Currently, the United States is lashing out against its perceived enemies. After the 9/11 attacks, Americans pleaded with their leadership by demanding action be taken for the destruction of the Twin Towers. The government replied by creating a campaign against well-known extremists. If the government had done nothing, extremists around the world would have seen that as a sign of weakness. This would have encouraged those contemplating terror attacks on the United States to implement their plans. The Taliban were targeted because of their close links to extremist groups. They were defeated, and a new Afghani government was instated to help build the country back to its former self. Under the false pretext of weapons of mass destruction, the United States attacked Iraq. We were wrong to use the treat of biological and nuclear weapons as the reason to instigate a war. What the United States should have said from the very beginning is “We are going to remove Saddam Hussein from power, and give the Iraqi people back their right to rule themselves as they see fit.” The campaign in Iraq will soon be over. A new Iraqi government has since been instated. The Iraqi people have a new constitution, economic embargoes have been lifted, and foreign political sanctions against the country have ended. Iraq has a bright, prosperous future to look forward to – a future in which it is led by qualified Muslim leaders who seek peace with the West and peace within its own borders.

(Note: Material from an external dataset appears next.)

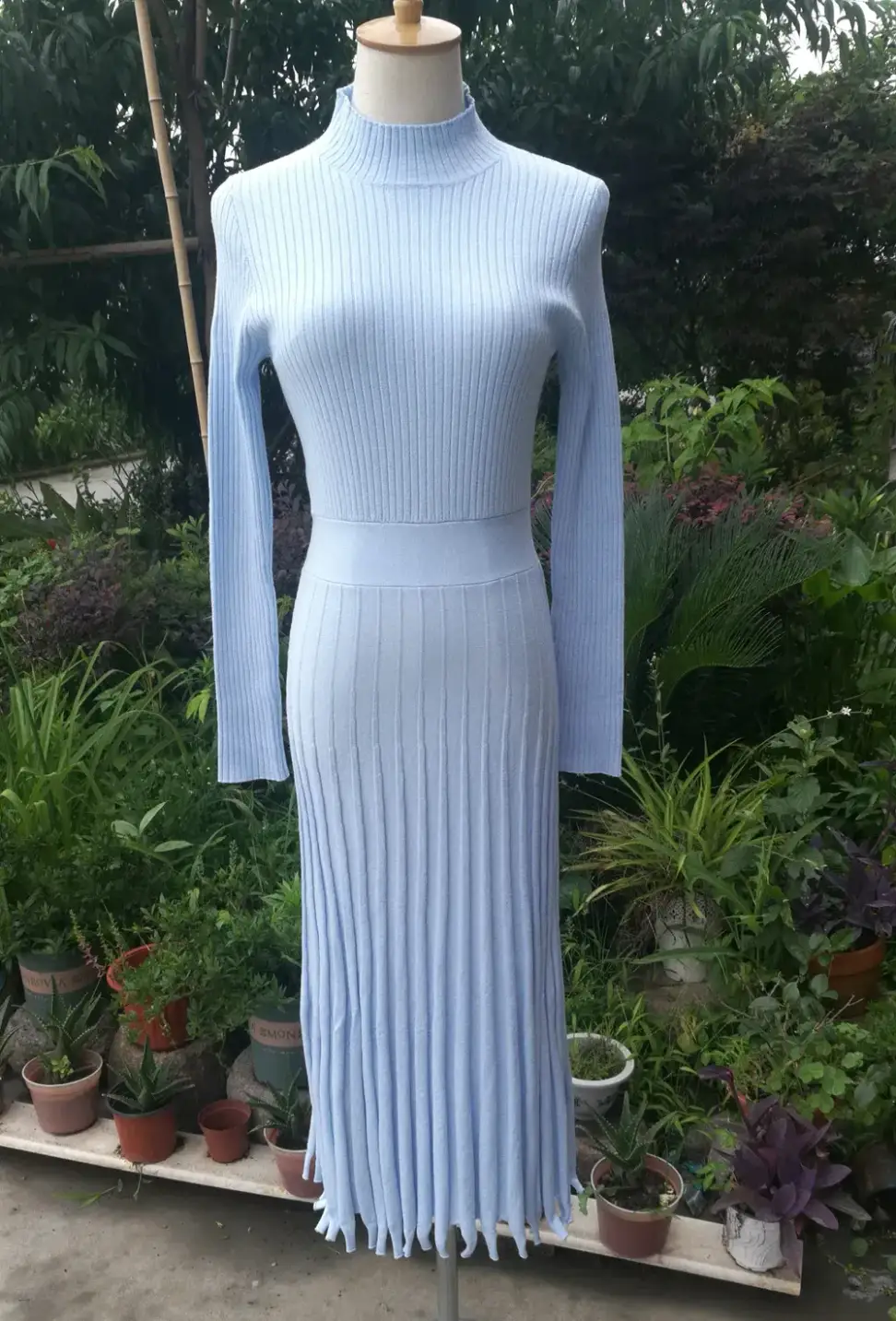 long sleeves and pleated skirt of the blue rib knit maxi dress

The United States government is not perfect, which is why we have laws to aid us in replacing those who abuse their power. As a Muslim, I feel my rights to practice Islam are being compromised by bigotry and prejudice, but it’s not being taken away. This is a far cry from what is currently happening to people in other countries struggling for religious recognition. Take, for instance, the believers of Falun Gong in China. Whereas I may endure hate crimes in the future, Falun Gong believers have to endure imprisonment, the horrors of torture, brain washing, and the inevitable denouncement of their faith to please their government. I consider myself lucky to live in a country where the government does not force me to give up my religion under treat of death. This is why I support my government and why I must show solidarity with my leaders.

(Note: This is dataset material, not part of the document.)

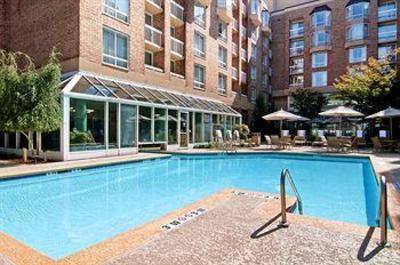 фото отеля Hilton Suites Atlanta Perimeter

I believe American suffers from imperial hubris. The governing body believes it can fix the world’s problems by simply waving money around, dispatching troops, or sweeping unmentionables out of the way. The global community has bred this overseer mentality into the United States for almost a century. How many times in the past has a foreign sovereignty requested aid from the United States to resolve its domestic problems? Let us not forget WWI, WWII, or Kuwait. I doubt the world would be a safer place if the United States decided to close its borders to outside influences and recall their overseas military forces. Remember the countries of the world have been oppressed by European, Middle Eastern, and Asian powers far longer then they have from the United States. The United States is slowly learning how to cooperate with Muslim countries. Eventually the wars will end, and peace will prevail. The more the United States interacts with the Middle East, the more insight it will gain on Islam. With time new laws will be drafted, and new policies will be created to help the two coexist peacefully, Insha’Allah.

I hope the United States is fighting a war against oppression and political extremists, not a war against Islam. There is a distinction between political extremists and every day Muslims, just like there is a difference between Islam and Middle Eastern culture. The United States momentum generated out of fear and ignorance towards Islam must be curbed through the intervention of its citizens. The responsibility of American Muslims is to focus our resources into educating our leaders, politicians, and children. We have to show them the true face of Islam. The only thing I can do to alleviate the suffering of Muslims and United States personnel overseas is by pressing my government to reevaluate its objectives and to bring the war to an end as soon as possible. Regardless of my personal views on the United States government, I am not at liberty to turn my back on her, not when she needs me the most. I am an American Muslim, and I love my country.